Something else we know about Jesus from the recent gospel readings is that when invited he would totally go to the house of a Pharisee or religious leader for a meal. It’s not even like he exclusively eats or only hangs out with those sinners, but he is available to everyone. They’re a bit jealous maybe? We also know from many Gospel stories that Jesus doesn’t tolerate religious snobbery. To answer their anxiety at his choice of company he tells a couple of parables, short stories, actually two of three we find in Luke 15, to very pointedly reorient them back from their judgmental stance. He tells stories that will help them understand that sinner doesn’t really mean what they think. Lost doesn’t really mean what they think. For Jesus, sinner apparently means beloved. Lost means desirable.

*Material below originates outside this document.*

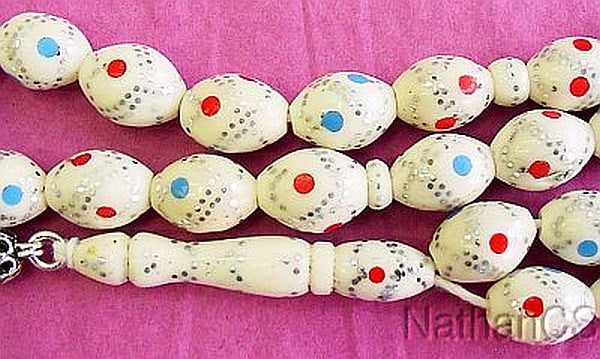 Vintage Prayer Beads Tesbih Gebetskette Silver Studded, Turquoise & Coral Inlaid Bone w sterling Tassel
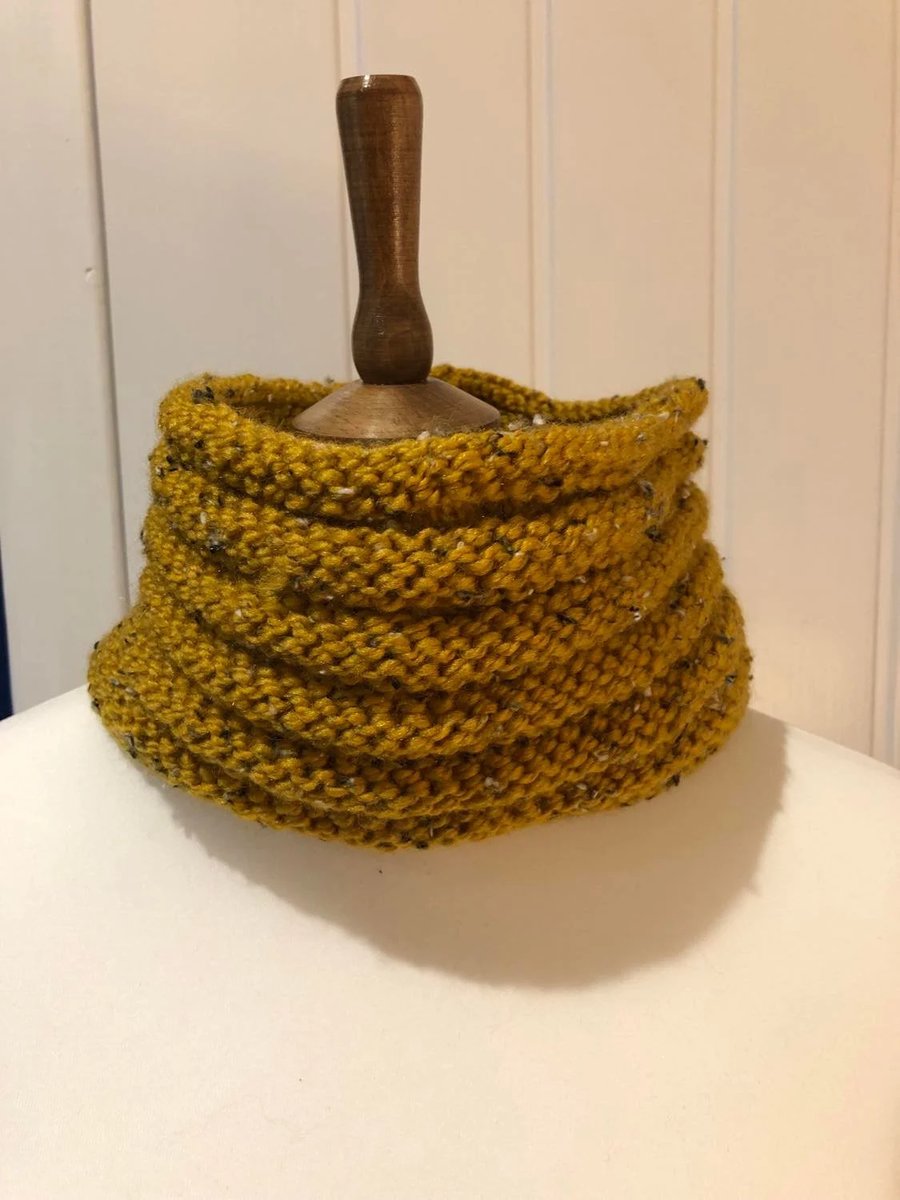 Cowl Neck Warmer Mustard Chunky acrylic knitted 6" deep x 24" around neck unisex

In the first story a man finds one of a hundred sheep has gone missing. Instead of simply being glad of the 99 and writing off his loss, he leaves them to find the one. And when that one is found the party gets started. There is rejoicing! I wish rejoice wasn’t such a church word these days… if we’re going to honest, the man and the angels partied when the lost one was found. In the second story we meet a woman who has lost one of ten coins, and she is relentless in finding that coin! She doesn’t give up but turns her world upside down to find what was lost. And when the lost coin is found? You guessed it, she and the angels start partying.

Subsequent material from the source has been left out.